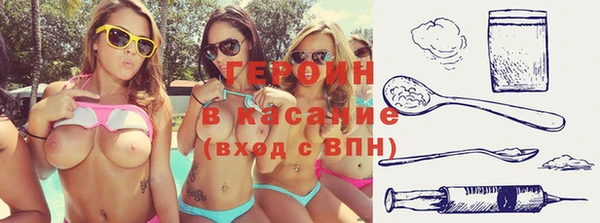 mix Абинск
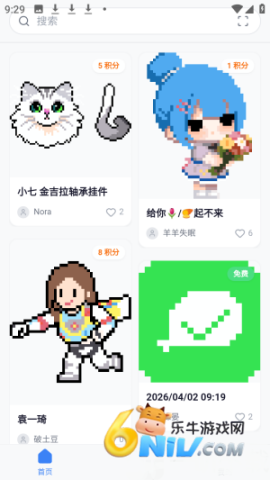 我嘞个豆绘画 第9张图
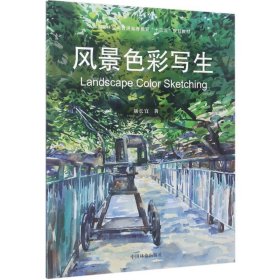 正版 风景色彩写生 刘长宜 著 中国林业出版社
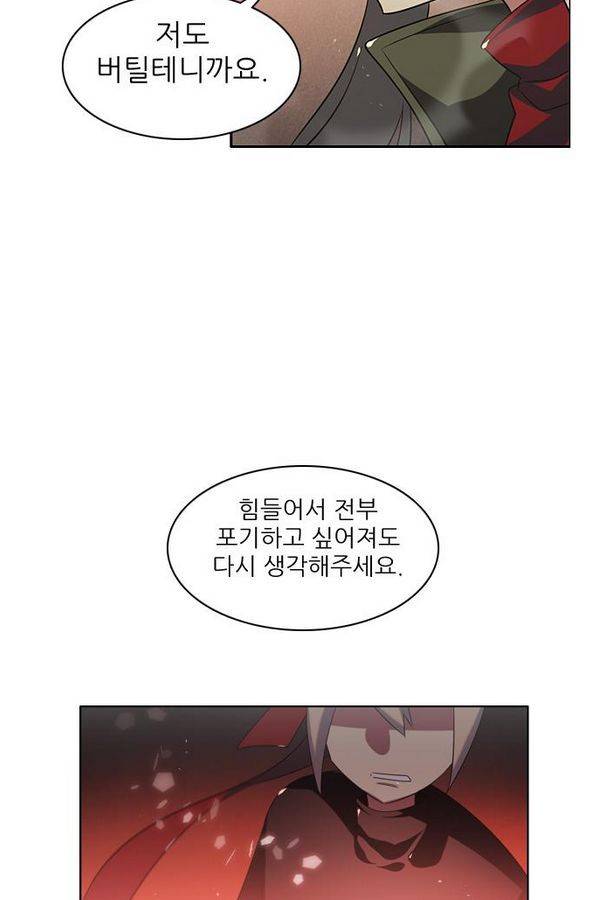 제로게임 32화 - 각자의 선택 111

**What you need to do**. Restate the data word for word without pictures.

**Written response**.
 mix Абинск
 我嘞个豆绘画 第9张图
 正版 风景色彩写生 刘长宜 著 中国林业出版社
 제로게임 32화 - 각자의 선택 111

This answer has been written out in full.